Mental Health & Wellbeing During a Warwick Degree
Hi guys, I hope you’re all well, and happy first day of the month! Today’s blog is going to focus on mental health, and some of the ways you can look after your wellbeing while at Warwick. As always, feel free to comment any questions or whatever else you want to share down below! x
Before coming to Warwick, a heavy workload in my degree was something that I not only expected, but was also motivated by. One of the reasons I chose PPE at Warwick was because both the university and the degree were known to be challenging, and I wanted to be in an academic environment where I knew I would be challenged. Warwick and PPE have definitely met these expectations, and although I’ve really enjoyed a lot of my degree, there have also been times when academic stress and pressure have made it anything but enjoyable.

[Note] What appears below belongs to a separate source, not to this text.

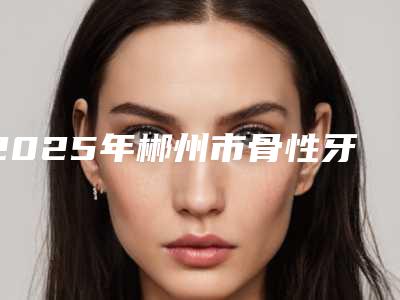 2025年郴州市骨性牙突正畸医院排行前十名单详解-郴州市骨性牙突正畸口腔医院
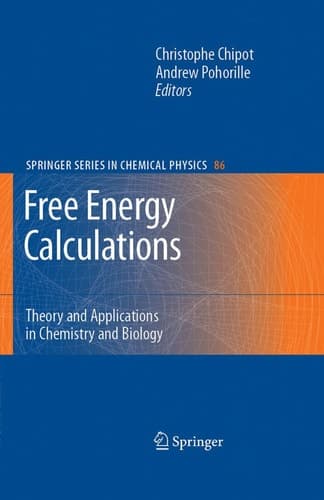 Free Energy Calculations Theory and Applications in Chemistry and Biology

Two of the ways that I’ve looked after my wellbeing during my degree is by voicing my struggles and worries to friends, and letting staff members know when I’ve felt like the pressure was getting too much. Talking to other students when I’ve been going through academic stress has been really useful for me because not only do they understand exactly what I’m going through, but sometimes they’ve been through or are going through the exact same thing themselves, so they can offer advice and support. Talking to staff and asking for help when the academic pressure has felt intense has also been really useful. For example, at the end of last term, I had four deadlines in the space of a week that I wanted to submit to a high standard, but work and society exec responsibilities were eating up a lot of my time, and my lack of sleep in order to juggle everything was making me ill. I decided that, rather than damage my mental and physical health, I would email the seminar tutor for one of the modules I had an essay due in, explain my situation to her and ask for a deadline extension of a few days. I definitely made the right decision because not only was she understanding and supportive, but the deadline extension she gave me was a week longer than I requested, and because of this I was able to submit all of my work to the standard I wanted without putting too much strain on my body or mind.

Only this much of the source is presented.